Safe Harbour: the Augean Stables of the data centre industry

Written by Max Smolaks, News Editor at Data Centre Dynamics Published 2016-05-31 10:33:46

Call it anything you want: the data sharing agreement with the United States will never work the way we want it to.

In October 2015 Max Schrems, a law student from Austria, singlehandedly brought down the Safe Harbour agreement - a legal tool that enabled personal data  exchange between servers located in the EU and those in the US.

Schrems figured out that the mass surveillance operations carried out by the American spy agencies and revealed by Edward Snowden weren't compatible with the principles outlined in Safe Harbour. He then chose a very public target and took the matter all the way to the Court of Justice of the European Union, the highest court in the land.

The CJEU was forced to admit that yes, the widely reported mass surveillance operations were indeed a terrible thing, and Facebook couldn't guarantee the safety of EU citizen data from the US government.

It invalidated the framework with immediate effect, causing chaos - did this mean that personal data transfers between London and New York were now illegal?

Almost immediately, the EU-US Working Group on Data Protection started drafting a replacement that would achieve the same result as the original, require no policy changes from the US government but would somehow comply with all of the EU rules.

Here’s the problem: an increasing number of industry experts warn that this type of framework simply cannot fulfil its mission until the White House changes its position – and that’s not likely to happen anytime soon. So moving into a data center in Europe remains by far the simplest option to comply with all of the relevant regulations.


An impossible task

The replacement for Safe Harbour, humorously named the EU-US Privacy Shield, has passed the draft stage and was recently criticised in a letter signed by 29 organizations from both sides of the Atlantic including the Electronic Frontier Foundation, La Quadrature du Net and American Civil Liberties Union.

"The Privacy Shield will put users at risk, undermine trust in the digital economy, and perpetuate the human rights violations that are already occurring as a result of surveillance programs and other activities," stated the document addressed to the Article 29 Working Party, a conclave of Europe's national data protection authorities.


Another critic of the draft is Jan Philipp Albrecht, a Member of the European Parliament for Germany and a campaigner for civil rights and data protection. "I'm not convinced that the new framework adheres to these [CJEU] requirements, because we are not changing the legal environment in the US and that's exactly what's been criticised by the court," he told me at CeBIT in March.


"Rather we are having some promises from the US administration that they will handle it better - and the laws stay like they are. It's nice, but for legal assessment, I don't think it will be sufficient."

A more recent example comes from the Netherlands, where last week the Dutch Datacenter Association said that the draft “offers none of the improvements necessary to better safeguard the privacy of European citizens.” This industry body includes some of the world’s largest players like Equinix, Interxion and Digital Realty, so their opinion will carry considerable weight.


How we got here

Safe Harbour was developed by the US Department of Commerce and adopted by the European Commission in 2000 as an alternative to a specific contractual arrangement between the two companies that exchange information across borders.

The framework outlined seven data protection principles and assumed that any organization that signed up to it would comply.
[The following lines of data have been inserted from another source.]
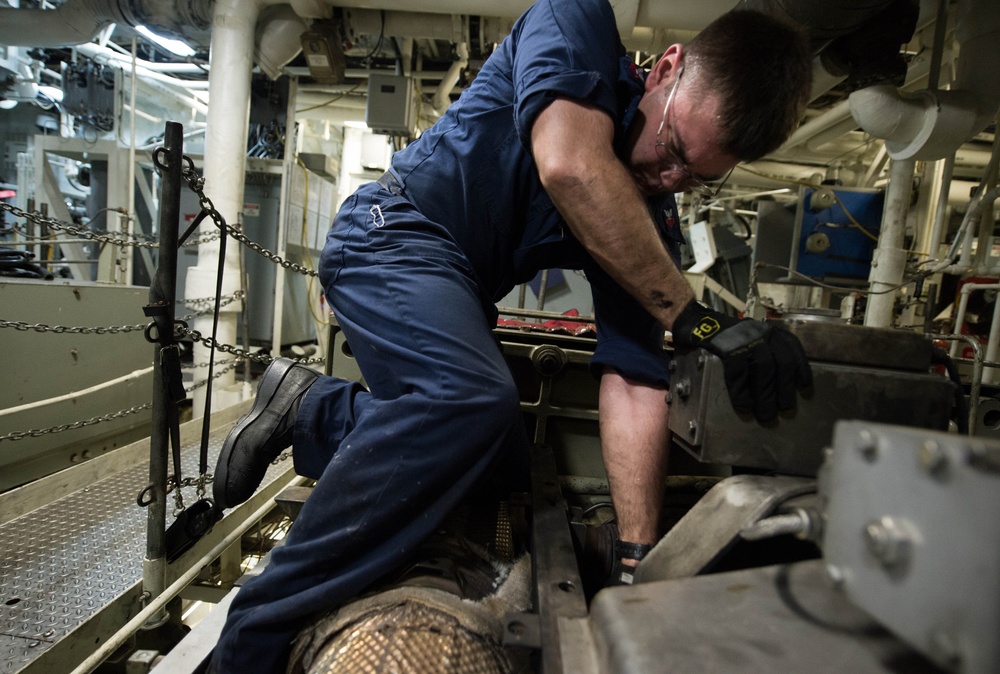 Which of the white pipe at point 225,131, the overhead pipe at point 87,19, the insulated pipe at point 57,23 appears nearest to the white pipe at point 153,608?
the white pipe at point 225,131

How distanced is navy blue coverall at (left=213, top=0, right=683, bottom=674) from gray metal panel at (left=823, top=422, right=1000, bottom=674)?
2.04 feet

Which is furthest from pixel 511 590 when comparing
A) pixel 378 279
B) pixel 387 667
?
pixel 378 279

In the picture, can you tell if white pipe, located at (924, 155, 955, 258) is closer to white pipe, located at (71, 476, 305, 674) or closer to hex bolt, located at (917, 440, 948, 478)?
hex bolt, located at (917, 440, 948, 478)

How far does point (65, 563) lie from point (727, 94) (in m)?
2.22

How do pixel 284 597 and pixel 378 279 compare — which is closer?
pixel 284 597

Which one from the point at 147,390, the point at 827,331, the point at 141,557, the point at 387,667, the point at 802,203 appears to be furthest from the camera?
the point at 802,203

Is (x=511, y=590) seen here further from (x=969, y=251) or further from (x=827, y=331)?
(x=969, y=251)

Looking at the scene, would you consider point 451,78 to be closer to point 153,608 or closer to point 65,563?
point 65,563

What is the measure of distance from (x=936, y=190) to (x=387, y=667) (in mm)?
5209

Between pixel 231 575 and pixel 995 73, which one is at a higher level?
pixel 995 73

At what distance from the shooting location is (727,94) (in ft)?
3.30

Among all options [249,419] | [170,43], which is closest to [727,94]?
[249,419]

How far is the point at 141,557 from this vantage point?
5.24 ft

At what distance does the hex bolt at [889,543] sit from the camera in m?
0.39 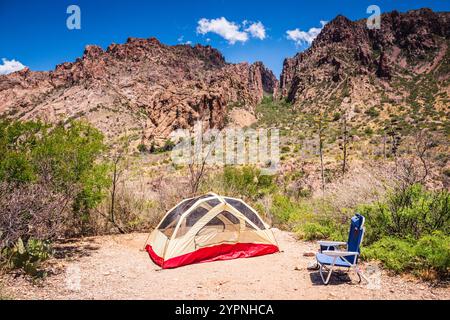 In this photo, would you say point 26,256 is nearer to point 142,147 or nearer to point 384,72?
point 142,147

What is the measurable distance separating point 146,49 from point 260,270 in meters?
96.6

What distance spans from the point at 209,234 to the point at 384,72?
56635 mm

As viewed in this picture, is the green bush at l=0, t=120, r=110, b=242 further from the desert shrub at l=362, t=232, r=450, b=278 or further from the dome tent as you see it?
the desert shrub at l=362, t=232, r=450, b=278

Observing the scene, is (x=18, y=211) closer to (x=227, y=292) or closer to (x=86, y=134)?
(x=86, y=134)

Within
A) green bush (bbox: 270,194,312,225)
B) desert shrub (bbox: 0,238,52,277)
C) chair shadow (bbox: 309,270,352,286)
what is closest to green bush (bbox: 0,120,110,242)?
desert shrub (bbox: 0,238,52,277)

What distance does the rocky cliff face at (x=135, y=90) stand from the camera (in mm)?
55562

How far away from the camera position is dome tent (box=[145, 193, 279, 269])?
803 centimetres

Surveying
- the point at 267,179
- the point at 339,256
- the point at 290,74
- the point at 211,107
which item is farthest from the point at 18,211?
the point at 290,74

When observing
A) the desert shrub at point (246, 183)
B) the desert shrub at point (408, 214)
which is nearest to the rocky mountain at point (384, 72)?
the desert shrub at point (246, 183)

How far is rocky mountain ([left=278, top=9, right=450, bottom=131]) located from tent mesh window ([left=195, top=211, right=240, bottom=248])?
112 ft

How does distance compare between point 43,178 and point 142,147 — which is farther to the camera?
point 142,147

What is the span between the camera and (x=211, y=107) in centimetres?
5619

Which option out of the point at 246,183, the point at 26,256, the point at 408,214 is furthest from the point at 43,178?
the point at 246,183

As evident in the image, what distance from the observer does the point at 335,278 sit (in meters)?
6.59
It encouraged self-assessment, and self-assessment is once again the cornerstone of the EU-US Privacy Shield.

In the official 2004 review of the framework, a team of academics discovered that out of the 400 companies displayed on the Safe Harbour website, a third did not have any kind of privacy policy published online. The list of problems found with existing privacy policies was 13 pages long, and included such jewels as 'ambiguous and contradictory policies ' and ' dubious status of privacy programs' .

In 2008, research firm Galexia published its own review, and found that out of 1,597 entries on the list, only 348 organisations meet the requirement of Safe Harbour's Principle 7, which guarantees the right to enforcement and dispute resolution in data privacy matters. It also found 206 organisations that were not current members of the framework, but claimed to be part of it.

By September 2013 Safe Harbour had a membership of 3,246 companies. That year, the European Commission expressed "deep concerns about revelations of large-scale US intelligence collection programmes" and made 13 recommendations aimed at reforming the data sharing framework. Despite these efforts, two years later Safe Harbour was struck down by the CJEU.


Racks, not lawyers

Don’t get me wrong, eventually the EU-US Privacy Shield or another data sharing agreement will be passed into law. While the EU is working on a solution, the US Department of Commerce continues to administer the defunct Safe Harbour program, even processing submissions for self-certification.

But it could take months or even years until we have a working replacement, leaving businesses in legal limbo, and there’s no guarantee that the EU-US Privacy Shield will survive a court case that brought down its predecessor.

Global businesses need to exchange information, and that hasn't changed. But around the world, governments are increasingly adopting strict principles of data residency – if EU is too soft on enforcement, countries like Russia and China certainly aren’t. In this new world, executives should spend their money on racks, rather than lawyers.